- **What this task involves**:
Reproduce from the records below, with no pictures, exactly the lines between the one containing "This is NBC" and the one containing "Hey guys, welcome", inclusive.

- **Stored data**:
--------------------
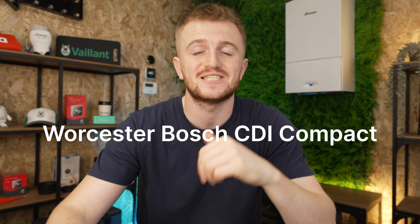Hello and welcome back to the iHeat YouTube channel. Today we're doing a review of the Worcester Bosch CDI Compact.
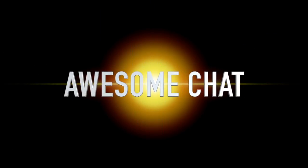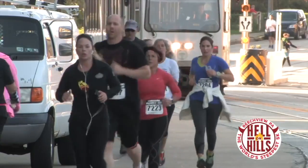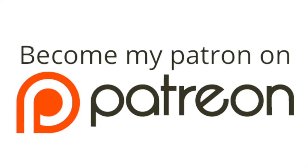Awesome Chat is brought to you by Sidekick Media Services. We are your sidekick in business for social media, video production, and more. Find out more at SidekickMediaServices.com. And listeners like you support this show at Patreon.com slash AwesomeCast.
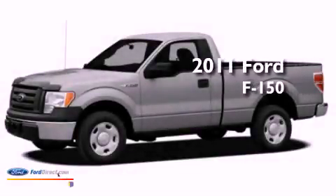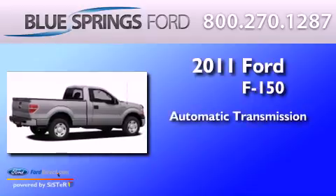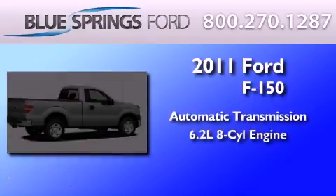This is a 2011 Ford F-150. This truck has an automatic transmission and a 6.2-liter V8.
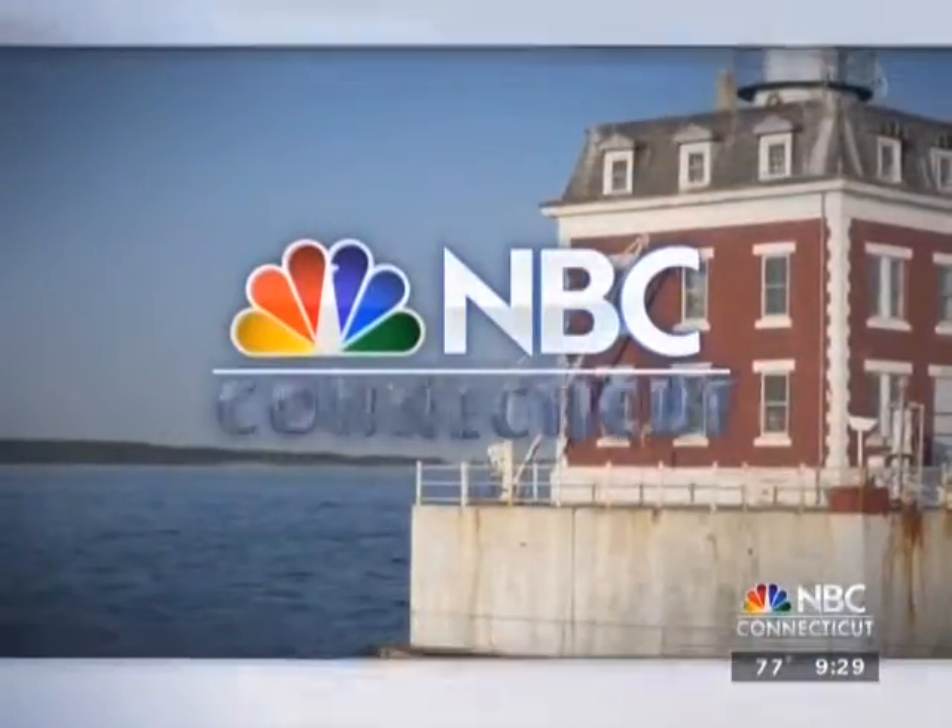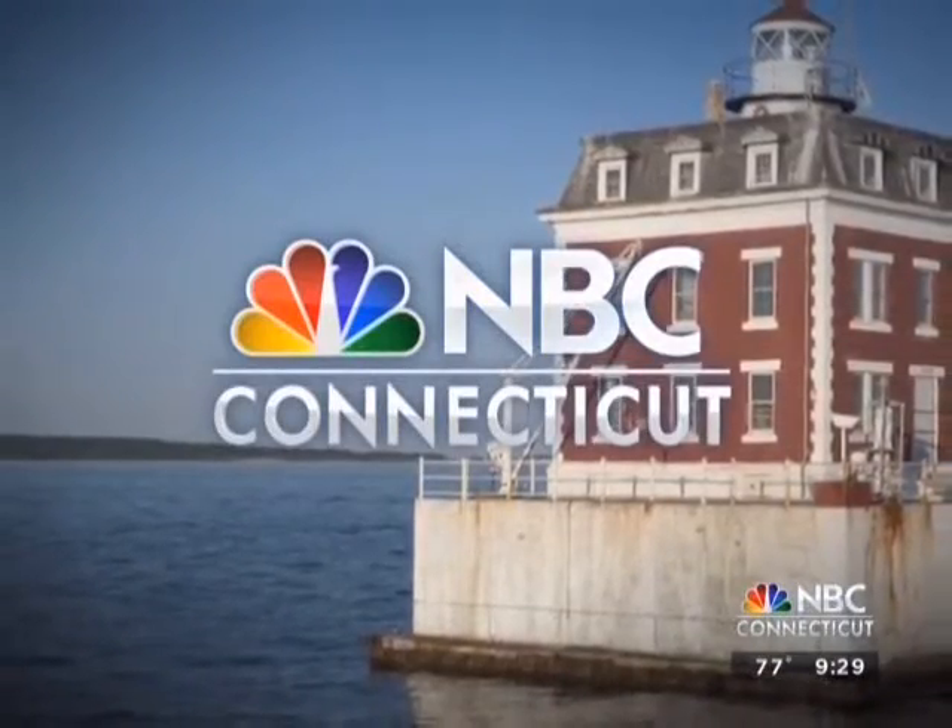This is NBC Connecticut, today at 9:30. In news you can use this morning: many of us have smart devices, but do you know how to keep them safe from hackers? We have a special guest with us, Linda Cooper Smith, joining us this morning. She's the president of CM IT Solutions in Stamford, and she has tips on how to do just that. So what have you brought to show us? Security on your phone is very important.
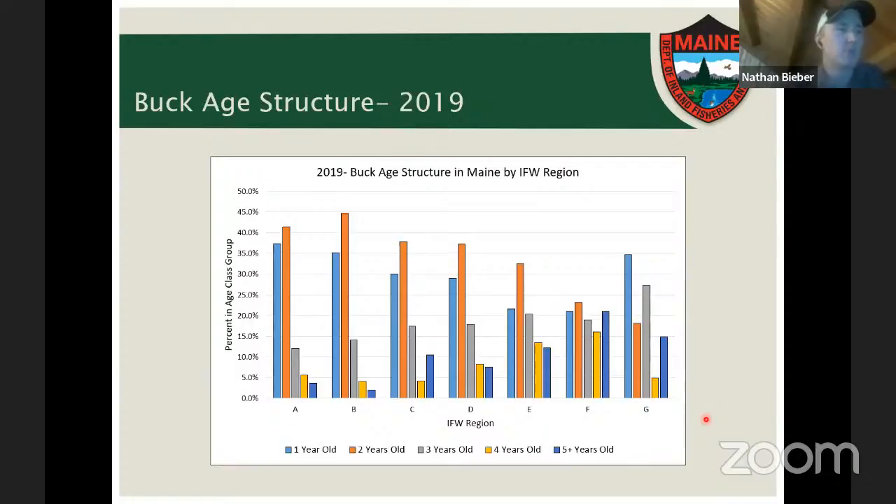If you had a deer age requested or a tooth pulled last year, those results will likely be available around September, posted on our website as the IF&W deer age report. Search for 'IF&W deer age report' and you can look yourself up by hunter last name. Note that not all pulled teeth get sent to the lab — we only send a subsample — and some teeth may be broken or the wrong tooth pulled, so not all hunters will have a result in that report.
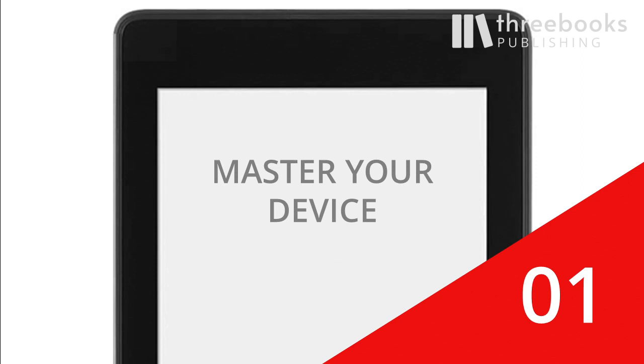First, master your device. Learn about important and hidden functions, so you are in charge of your device and not the other way around.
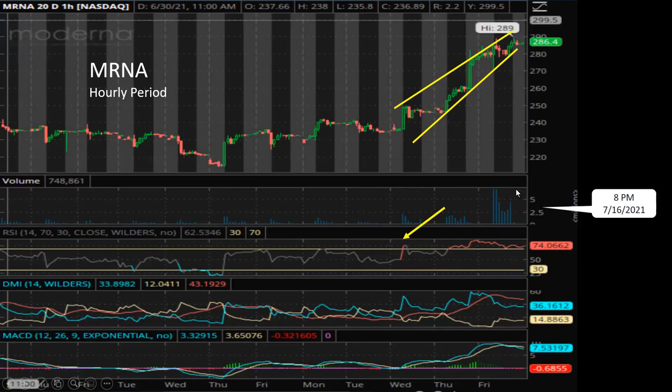The price started to go sideways for a few hours, and now we are at an overbought situation again — that's why the stock price is going sideways. This is a signal saying that maybe it's due for a short-term pullback. We see a positive buy signal from DMI, but actually MACD already flashed a sell signal, so I'll be very careful.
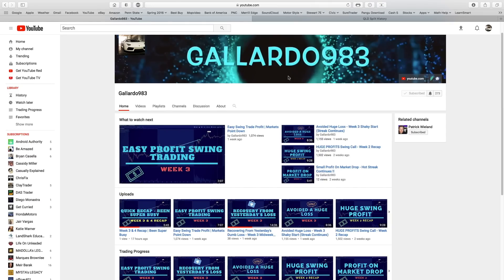Hey guys, welcome back to my channel, this is guyardo983. Go ahead and click the subscribe button and the notification button to get notified every time a new video comes out. Today we're going to be talking about how to invest your thousand dollars. This is a general video to get you started looking for a long-term investment — not short term, not a couple months — it's going to be long term, for years or longer.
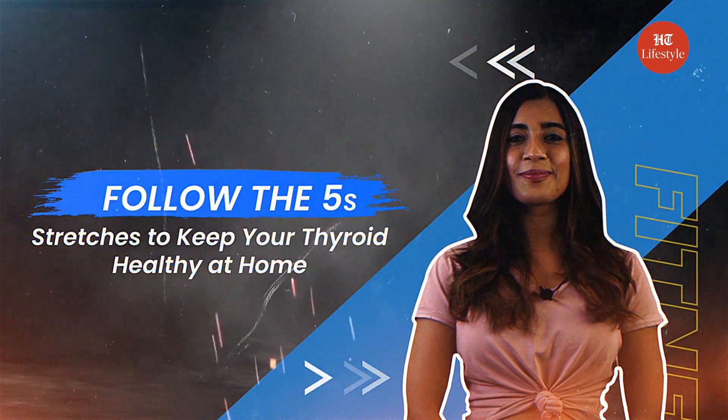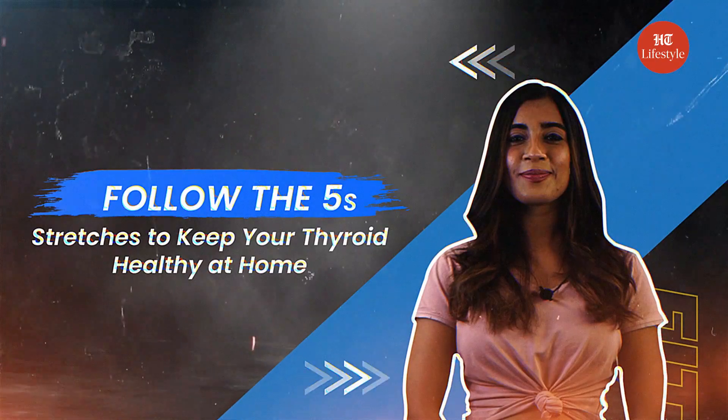Hi guys, today in Follow the Fives, let's talk about five home stretches to keep your thyroid healthy.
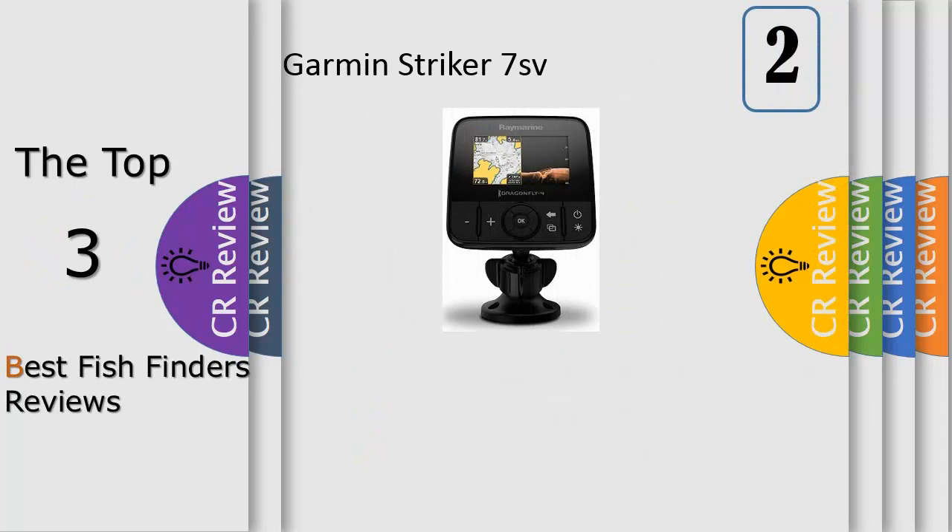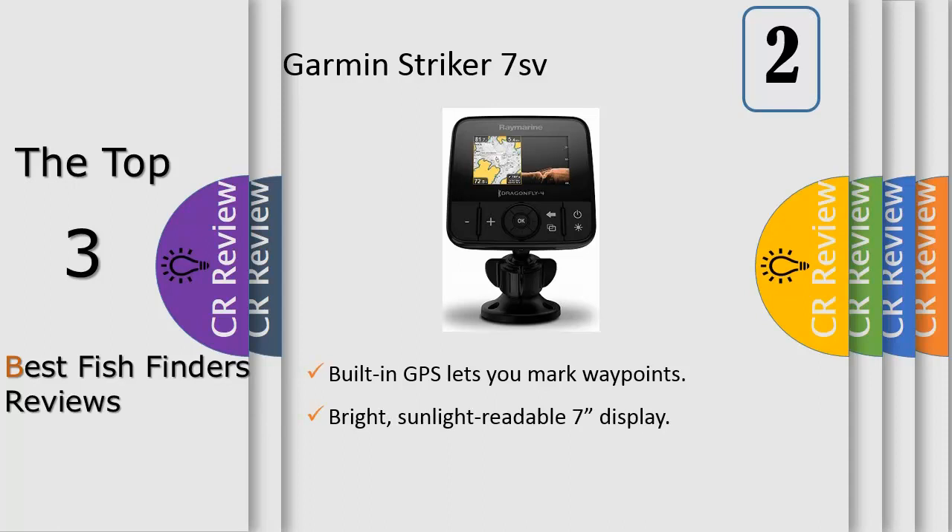Number 2, Chirp Down Vision will change your underwater view with incredibly clear, photo-like sonar images. Dragonfly's Chirp Down Vision surpasses ordinary imaging sonars with superior deep water performance to 600 feet (180 meters) and reliable high-speed bottom tracking.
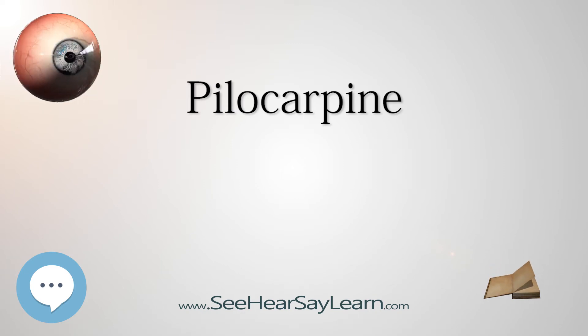Pilocarpine stimulates the secretion of large amounts of saliva and sweat. It is used to treat dry mouth, xerostomia, particularly in Sjogren's syndrome, but also as a side effect of radiation therapy for head and neck cancer. It has also been used in the treatment of chronic open-angle glaucoma and acute angle-closure glaucoma for over 100 years.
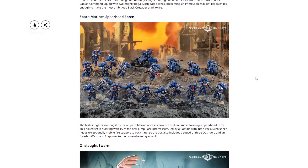Next, the Space Marine Spearhead Force. The fastest fighters among the new Space Marine releases have formed a spearhead force. The box is bursting with 15 new Jump Pack Intercessors led by a Captain with Jump Pack. The box also includes a squad of three Outriders and an Invader ATV. The Invader ATV is pretty poor right now, and the bikes are very, very bad. Realistically it's just three five-man Assault Intercessor squads and a captain — it feels lazy. I hate to see more than two of something in a box set and this has three assault squads. The Space Marines definitely got shafted here.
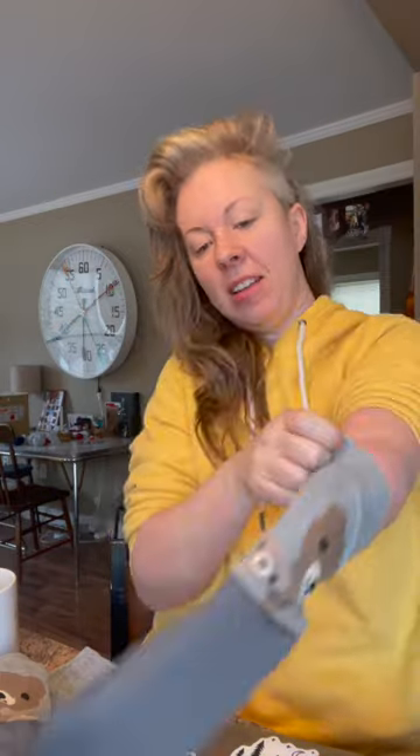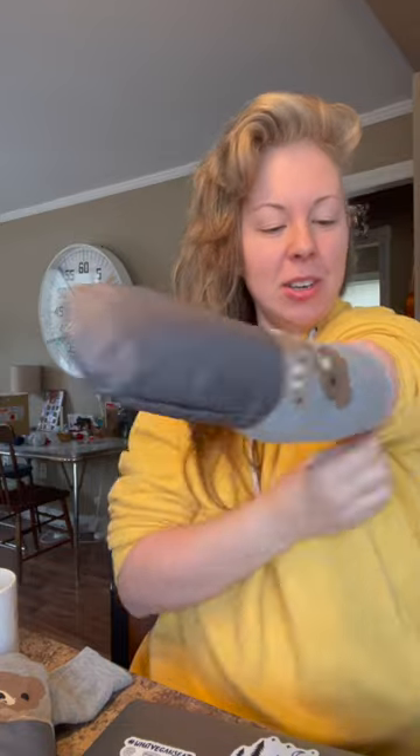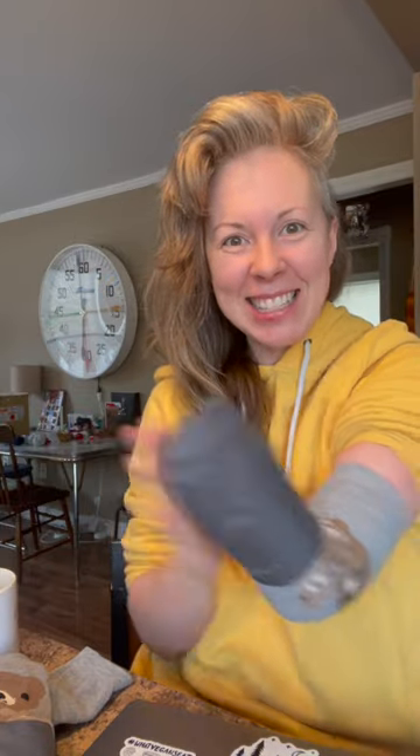So if you have a limb difference, this is what they do: they send you a pair of mitts for a left hand and a right hand, and then they throw in this special one for your limb difference arm for free. So let's try it on. Oh, they're so soft! Normally, as I mentioned in my previous mittens post, I usually wear a sock on my stump in the winter because regular mittens just fall right off. But this is like a sock and a mitten combined.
--------------------
- **Exercise result**:
This is NBC Connecticut, today at 9:30. In news you can use this morning: many of us have smart devices, but do you know how to keep them safe from hackers? We have a special guest with us, Linda Cooper Smith, joining us this morning. She's the president of CM IT Solutions in Stamford, and she has tips on how to do just that. So what have you brought to show us? Security on your phone is very important.
If you had a deer age requested or a tooth pulled last year, those results will likely be available around September, posted on our website as the IF&W deer age report. Search for 'IF&W deer age report' and you can look yourself up by hunter last name. Note that not all pulled teeth get sent to the lab — we only send a subsample — and some teeth may be broken or the wrong tooth pulled, so not all hunters will have a result in that report.
First, master your device. Learn about important and hidden functions, so you are in charge of your device and not the other way around.
The price started to go sideways for a few hours, and now we are at an overbought situation again — that's why the stock price is going sideways. This is a signal saying that maybe it's due for a short-term pullback. We see a positive buy signal from DMI, but actually MACD already flashed a sell signal, so I'll be very careful.
Hey guys, welcome back to my channel, this is guyardo983. Go ahead and click the subscribe button and the notification button to get notified every time a new video comes out. Today we're going to be talking about how to invest your thousand dollars. This is a general video to get you started looking for a long-term investment — not short term, not a couple months — it's going to be long term, for years or longer.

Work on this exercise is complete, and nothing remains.